💗 Lewis' Four Loves in Tolkien's Lord of the Rings
Examples of Affection, Friendship, Passion, and Charity in Middle-earth
It’s been a “Live, Love, Lord of the Rings” week here at Jokien with Tolkien. It’s the week of Valentine’s Day and the last two newsletters I’ve sent out have focused on Finding the Five Love Languages in the Lord of the Rings and Lord of the Rings Valentine’s Day Cards.

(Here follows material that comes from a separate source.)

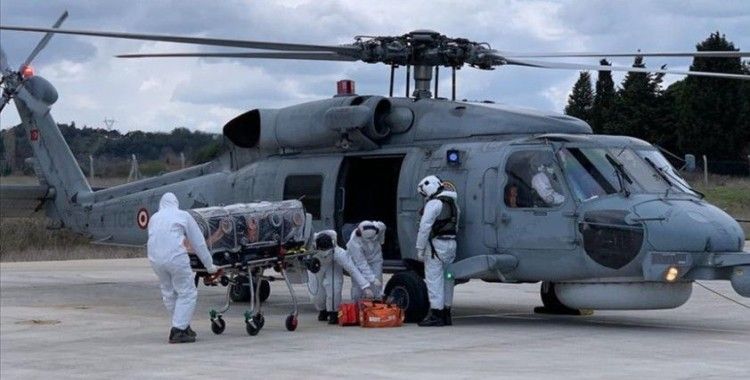 Gökçeada'da solunum güçlüğü çeken Kovid-19 hastası, helikopterle Çanakkale'ye götürüldü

As I thought about how to end the week focusing on love and Lord of the Rings, I decided that I’d take a page from fellow Inkling C.S. Lewis’ book The Four Loves and look for examples of each of them in Tolkien’s works.
So in today’s newsletter I’m going to highlight an example or two of each of the four loves — Affection, Friendship, Passion, and Charity — as depicted in Tolkien’s The Lord of the Rings.
Lewis' Four Loves in Tolkien's Lord of the Rings
Examples of Affection, Friendship, Passion, and Charity in Middle-earth
1. Storge (Affection)
C.S. Lewis begins The Four Loves1 discussing storge, which he defines as “affection” (31). “This warm comfortableness,” he continues, “this satisfaction in being together…ignores the barriers of age, sex, class, and education…even the barriers of species!” (32)
Affection is a love that grows so slowly that you often cannot rightly point to the moment it began and a love that often exists alongside the other loves, where it can “enter into the other loves and colour them all through and become the very medium in which from day to day they operate” (34). Affection is the broadest of loves, a love that can and does develop for “the people with whom you are thrown together in the family, the the college, the mess, the ship, the religious house” (37).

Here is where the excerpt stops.